Stieg Larsson’s Millennium Trilogy Bundle: The Girl with the Dragon Tattoo, The Girl Who Played with Fire, The Girl Who Kicked the Hornet’s Nest
Where to buy Stieg Larsson’s Millennium Trilogy Bundle: The Girl with the Dragon Tattoo, The Girl Who Played with Fire, The Girl Who Kicked the Hornet’s Nest books online?
Product Description
Stieg Larsson’s Millennium Trilogy is now available in a perfect hardcover set.
All across America, readers are talking about Stieg Larsson’s best-selling novels, set in Sweden and featuring Lisbeth Salander—“one of the most original and memorable heroines to surface in a recent thriller” (The New York Times). The trilogy is an international sensation that will grab you and keep you “reading with eyes wide open” (San Francisco Chronicle). “[It] is intricately plotted, lavishly detailed but written with a breakneck pace and verve” (The Independent, U.K.), but “be warned: the trilogy is seriously addictive.” (The Guardian, U.K.).
“Judge the hype . . . It’s gripping stuff.”
—People
“Stieg Larsson clearly loved his courageous misfit Lisbeth. And so will you.”
—USA Today
“Larsson has bottled lightning.”
—Los Angeles Times
The Girl with the Dragon Tattoo
Harriet Vanger, a scion of one of Sweden’s wealthiest families disappeared lacking a trace more than forty years ago. All these years later, her aged uncle continues to try to learn what happened to her. He hires Mikael Blomkvist, a journalist recently sidelined by a libel conviction, to investigate. Blomkvist is aided by the pierced and tattooed computer sensation Lisbeth Salander. Together they tap into a vein of incomprehensible iniquity and astonishing corruption on their way to learning the truth of Harriet Vanger’s fate.
The Girl Who Played with Fire
Mikael Blomkvist, now the crusading publisher of the magazine Millennium, has chose to run a tale that will expose an wide sex trafficking operation.
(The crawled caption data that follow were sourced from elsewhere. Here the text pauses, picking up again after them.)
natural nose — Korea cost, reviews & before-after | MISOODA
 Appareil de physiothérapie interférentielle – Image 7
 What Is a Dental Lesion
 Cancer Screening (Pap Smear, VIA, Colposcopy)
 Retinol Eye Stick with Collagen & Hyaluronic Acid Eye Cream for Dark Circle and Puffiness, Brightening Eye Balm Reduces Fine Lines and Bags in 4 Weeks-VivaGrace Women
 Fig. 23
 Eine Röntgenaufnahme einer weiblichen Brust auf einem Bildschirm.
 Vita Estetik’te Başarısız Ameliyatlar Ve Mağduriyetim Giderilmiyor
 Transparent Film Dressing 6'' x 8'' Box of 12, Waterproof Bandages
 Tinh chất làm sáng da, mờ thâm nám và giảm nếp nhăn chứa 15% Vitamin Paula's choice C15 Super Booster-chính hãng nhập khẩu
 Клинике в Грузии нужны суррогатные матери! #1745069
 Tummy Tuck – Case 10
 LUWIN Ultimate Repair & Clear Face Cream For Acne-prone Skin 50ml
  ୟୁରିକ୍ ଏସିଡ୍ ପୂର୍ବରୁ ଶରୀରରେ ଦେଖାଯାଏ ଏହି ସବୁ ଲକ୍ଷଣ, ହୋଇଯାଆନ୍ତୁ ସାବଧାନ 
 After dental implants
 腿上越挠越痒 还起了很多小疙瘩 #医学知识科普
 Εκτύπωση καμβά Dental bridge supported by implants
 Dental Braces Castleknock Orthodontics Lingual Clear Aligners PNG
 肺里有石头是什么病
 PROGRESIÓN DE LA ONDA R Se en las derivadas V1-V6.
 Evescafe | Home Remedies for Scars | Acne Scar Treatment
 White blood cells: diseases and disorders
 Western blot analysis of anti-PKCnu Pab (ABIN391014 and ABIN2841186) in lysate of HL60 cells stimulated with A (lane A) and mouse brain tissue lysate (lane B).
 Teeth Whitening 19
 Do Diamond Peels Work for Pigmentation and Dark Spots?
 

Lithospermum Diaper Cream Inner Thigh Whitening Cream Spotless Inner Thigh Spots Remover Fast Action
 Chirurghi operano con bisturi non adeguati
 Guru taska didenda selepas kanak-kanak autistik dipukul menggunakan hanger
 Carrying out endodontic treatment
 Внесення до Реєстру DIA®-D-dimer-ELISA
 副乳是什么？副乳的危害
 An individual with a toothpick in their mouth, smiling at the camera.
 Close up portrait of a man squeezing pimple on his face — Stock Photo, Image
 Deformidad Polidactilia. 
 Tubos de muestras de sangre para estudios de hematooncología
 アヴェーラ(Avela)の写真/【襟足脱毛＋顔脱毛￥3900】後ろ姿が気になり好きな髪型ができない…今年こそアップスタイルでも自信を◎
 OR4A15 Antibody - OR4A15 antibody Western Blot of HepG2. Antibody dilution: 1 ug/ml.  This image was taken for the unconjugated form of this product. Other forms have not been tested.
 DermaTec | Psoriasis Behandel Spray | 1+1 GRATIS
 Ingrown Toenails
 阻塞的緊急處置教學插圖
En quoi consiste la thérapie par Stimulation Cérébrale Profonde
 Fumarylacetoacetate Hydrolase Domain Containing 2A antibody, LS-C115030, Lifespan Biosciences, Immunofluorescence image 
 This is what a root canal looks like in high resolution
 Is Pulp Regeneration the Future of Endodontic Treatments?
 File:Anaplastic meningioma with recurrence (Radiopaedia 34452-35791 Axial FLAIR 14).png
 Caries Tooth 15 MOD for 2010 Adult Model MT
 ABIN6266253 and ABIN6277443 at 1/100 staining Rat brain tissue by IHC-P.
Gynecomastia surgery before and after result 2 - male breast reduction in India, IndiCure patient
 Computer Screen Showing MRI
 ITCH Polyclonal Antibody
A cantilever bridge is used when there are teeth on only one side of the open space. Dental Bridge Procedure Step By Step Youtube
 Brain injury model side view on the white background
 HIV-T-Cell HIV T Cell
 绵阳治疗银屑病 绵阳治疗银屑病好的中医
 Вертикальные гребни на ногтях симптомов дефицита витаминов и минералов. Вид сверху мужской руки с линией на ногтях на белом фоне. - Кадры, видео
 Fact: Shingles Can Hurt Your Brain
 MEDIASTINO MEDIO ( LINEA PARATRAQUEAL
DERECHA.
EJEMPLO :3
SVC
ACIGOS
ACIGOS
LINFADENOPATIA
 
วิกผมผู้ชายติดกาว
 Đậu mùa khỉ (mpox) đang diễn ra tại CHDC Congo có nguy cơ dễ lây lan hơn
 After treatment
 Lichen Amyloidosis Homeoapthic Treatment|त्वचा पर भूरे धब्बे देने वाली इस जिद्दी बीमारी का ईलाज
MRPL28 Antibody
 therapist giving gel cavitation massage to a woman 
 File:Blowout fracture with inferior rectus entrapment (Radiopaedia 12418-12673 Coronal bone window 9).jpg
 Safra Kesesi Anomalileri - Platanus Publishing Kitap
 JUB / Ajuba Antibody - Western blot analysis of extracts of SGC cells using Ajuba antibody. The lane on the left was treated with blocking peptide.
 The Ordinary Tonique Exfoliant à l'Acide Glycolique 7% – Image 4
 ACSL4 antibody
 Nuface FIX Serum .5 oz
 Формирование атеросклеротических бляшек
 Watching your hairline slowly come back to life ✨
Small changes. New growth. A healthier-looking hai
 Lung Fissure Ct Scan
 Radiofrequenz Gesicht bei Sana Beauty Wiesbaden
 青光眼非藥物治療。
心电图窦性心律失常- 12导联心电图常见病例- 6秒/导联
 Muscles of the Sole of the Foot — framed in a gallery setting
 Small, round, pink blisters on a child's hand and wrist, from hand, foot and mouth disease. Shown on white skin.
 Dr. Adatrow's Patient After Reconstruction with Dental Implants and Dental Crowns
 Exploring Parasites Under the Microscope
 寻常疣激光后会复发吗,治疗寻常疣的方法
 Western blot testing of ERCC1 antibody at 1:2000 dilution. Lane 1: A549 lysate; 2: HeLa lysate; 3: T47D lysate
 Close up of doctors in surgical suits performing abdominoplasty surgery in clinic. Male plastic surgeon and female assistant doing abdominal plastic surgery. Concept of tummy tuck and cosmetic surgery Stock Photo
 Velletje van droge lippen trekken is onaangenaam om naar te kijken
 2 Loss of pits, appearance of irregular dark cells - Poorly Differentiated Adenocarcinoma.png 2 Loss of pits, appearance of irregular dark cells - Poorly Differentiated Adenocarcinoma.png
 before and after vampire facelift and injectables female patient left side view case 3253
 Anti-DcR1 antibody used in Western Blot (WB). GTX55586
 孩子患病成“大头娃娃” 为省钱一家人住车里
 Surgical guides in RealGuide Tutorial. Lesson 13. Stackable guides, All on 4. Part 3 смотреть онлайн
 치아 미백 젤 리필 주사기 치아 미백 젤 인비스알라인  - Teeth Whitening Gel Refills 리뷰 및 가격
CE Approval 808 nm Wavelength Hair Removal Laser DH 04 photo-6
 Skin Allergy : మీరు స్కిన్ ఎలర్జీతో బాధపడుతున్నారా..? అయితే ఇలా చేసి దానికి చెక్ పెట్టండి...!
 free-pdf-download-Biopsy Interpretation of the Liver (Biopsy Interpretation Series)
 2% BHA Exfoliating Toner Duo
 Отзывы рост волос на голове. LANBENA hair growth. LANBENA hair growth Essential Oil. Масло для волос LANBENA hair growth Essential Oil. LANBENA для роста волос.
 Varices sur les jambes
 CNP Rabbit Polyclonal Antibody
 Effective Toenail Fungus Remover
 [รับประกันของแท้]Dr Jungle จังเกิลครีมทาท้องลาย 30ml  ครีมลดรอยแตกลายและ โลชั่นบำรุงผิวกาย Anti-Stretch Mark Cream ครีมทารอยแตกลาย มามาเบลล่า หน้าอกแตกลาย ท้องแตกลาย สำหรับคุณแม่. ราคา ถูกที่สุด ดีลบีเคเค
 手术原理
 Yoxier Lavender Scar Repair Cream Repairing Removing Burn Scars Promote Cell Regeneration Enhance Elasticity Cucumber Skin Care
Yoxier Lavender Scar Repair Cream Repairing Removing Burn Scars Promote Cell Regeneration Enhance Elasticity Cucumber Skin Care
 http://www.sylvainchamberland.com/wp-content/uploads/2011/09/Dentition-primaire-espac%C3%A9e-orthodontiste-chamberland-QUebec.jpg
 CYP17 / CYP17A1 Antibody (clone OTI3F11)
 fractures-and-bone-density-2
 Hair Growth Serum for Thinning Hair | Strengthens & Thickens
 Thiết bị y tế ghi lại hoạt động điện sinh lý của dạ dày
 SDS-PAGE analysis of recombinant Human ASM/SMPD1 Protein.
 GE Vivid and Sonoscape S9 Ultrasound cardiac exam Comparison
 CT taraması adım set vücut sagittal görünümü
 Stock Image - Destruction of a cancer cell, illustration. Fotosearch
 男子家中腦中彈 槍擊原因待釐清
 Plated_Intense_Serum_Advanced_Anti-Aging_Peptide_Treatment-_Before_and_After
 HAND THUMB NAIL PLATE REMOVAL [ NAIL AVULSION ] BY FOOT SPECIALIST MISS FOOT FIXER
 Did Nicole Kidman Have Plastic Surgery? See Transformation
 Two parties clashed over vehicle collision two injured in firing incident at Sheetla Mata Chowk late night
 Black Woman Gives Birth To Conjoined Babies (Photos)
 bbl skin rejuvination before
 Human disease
On the eve of its publication, the two reporters reliable for the article are murdered, and the fingerprints establish on the murder weapon belong to his friend Lisbeth Salander. Blomkvist, convinced of Salander’s innocence, plunges into an investigation of the murders. Meanwhile, Salander herself is drawn into a murderous game of cat and mouse, which forces her to face her dark past.
The Girl Who Kicked the Hornet’s Nest
Lisbeth Salander lies in critical condition, a bullet wound to her head, in the intensive care unit of a Swedish city hospital. She’s fighting for her life in more ways than one: if and when she recovers, she’ll be taken back to Stockholm to stand examination for three murders. With the help of Mikael Blomkvist, she will not only have to prove her innocence, but also identify and denounce persons in power who have allowed the vulnerable, like herself, to suffer abuse and violence. On her own, she will plot revenge—against the man who tried to kill her, and against the corrupt government institutions that very nearly ruined her life.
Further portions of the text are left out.